Mechanistic Rationale

et al. note that most longevity work treats the gut→brain axis as the dominant causal direction, yet brain‑to‑gut signaling remains mechanistically underexplored [1]. NPY is a well‑characterized hypothalamic peptide released during stress and energy‑balance regulation, and vagal efferents convey NPY to the gut wall [2]. In intestinal epithelial cells, NPY binds Y1 receptors that inhibit mTORC1 through upstream activation of TSC2, a pathway shown to stimulate autophagy in multiple tissues [3]. Enhanced autophagy in gut epithelium can improve barrier integrity, reduce inflammaging, and alter mucosal niches that favor beneficial microbial taxa [4]. Conversely, impaired gut autophagy drives dysbiosis and systemic inflammation, accelerating aging phenotypes [5]. Thus, brain NPY may set a basal autophagic tone in the gut that overrides cell‑autonomous aging cues.

Testable Predictions

1. Elevating central NPY (via hypothalamic overexpression or pharmacological agonism) will increase LC3‑II/I ratios and p62 degradation specifically in intestinal epithelial cells of aged mice.
2. Vagotomy will abolish the NPY‑induced autophagy boost in the gut, confirming efferent dependence.
3. Mice with sustained central NPY elevation will exhibit a shift toward higher relative abundance of butyrate‑producing taxa (e.g., Faecalibaculum spp.) and reduced circulating LPS‑binding protein.
4. The longevity benefit of central NPY elevation will be lost in gut‑specific autophagy‑deficient mice (Atg5^fl/fl;Vil‑Cre).

Experimental Design

• Model: C57BL/6J mice, 20 months old; groups: (a) control virus, (b) hypothalamic NPY‑overexpressing AAV, (c) NPY‑AAV + subdiaphragmatic vagotomy, (d) NPY‑AAV + gut‑specific Atg5 knockout.
• Readouts (at 3 mo post‑treatment): western blot of LC3‑II/I and p62 from isolated intestinal epithelia; 16S rRNA sequencing of fecal microbiota; serum cytokines (IL‑6, TNF‑α); grip strength, frailty index, and survival monitoring.
• Controls: sham virus, sham vagotomy, and littermate wild‑type counterparts.

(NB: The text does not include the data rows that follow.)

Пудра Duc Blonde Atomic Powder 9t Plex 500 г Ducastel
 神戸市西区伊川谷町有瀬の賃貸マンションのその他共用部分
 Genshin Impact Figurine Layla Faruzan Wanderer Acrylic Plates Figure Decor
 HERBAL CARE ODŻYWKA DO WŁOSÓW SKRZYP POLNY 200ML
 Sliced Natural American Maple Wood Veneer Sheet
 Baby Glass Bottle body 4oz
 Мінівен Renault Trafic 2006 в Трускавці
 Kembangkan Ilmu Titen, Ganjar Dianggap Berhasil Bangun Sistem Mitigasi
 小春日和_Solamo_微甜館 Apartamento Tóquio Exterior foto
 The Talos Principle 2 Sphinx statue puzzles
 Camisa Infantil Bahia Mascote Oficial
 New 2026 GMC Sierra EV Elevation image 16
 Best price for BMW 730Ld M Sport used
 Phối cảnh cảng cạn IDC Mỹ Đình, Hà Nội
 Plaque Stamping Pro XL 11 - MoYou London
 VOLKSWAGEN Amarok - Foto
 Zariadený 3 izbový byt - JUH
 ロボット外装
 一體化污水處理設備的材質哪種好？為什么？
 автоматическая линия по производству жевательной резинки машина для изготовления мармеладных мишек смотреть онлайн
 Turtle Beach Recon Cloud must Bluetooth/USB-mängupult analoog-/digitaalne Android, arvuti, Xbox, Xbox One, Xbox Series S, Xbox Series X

Potential Outcomes and Falsifiability

If central NPY elevates gut autophagy independently of vagal input, we would see increased LC3‑II/I in groups (a) and (b) but not (c). A lack of autophagy change in (b) would falsify the hypothesis that brain NPY acts via vagal efferents. If gut‑specific Atg5 deletion abolishes the microbiota shift and longevity extension seen in (b), it confirms that intestinal autophagy is necessary downstream of brain NPY. Conversely, if Atg5‑deficient mice still show lifespan extension, the hypothesis would be falsified, indicating that brain NPY influences longevity through gut‑independent mechanisms.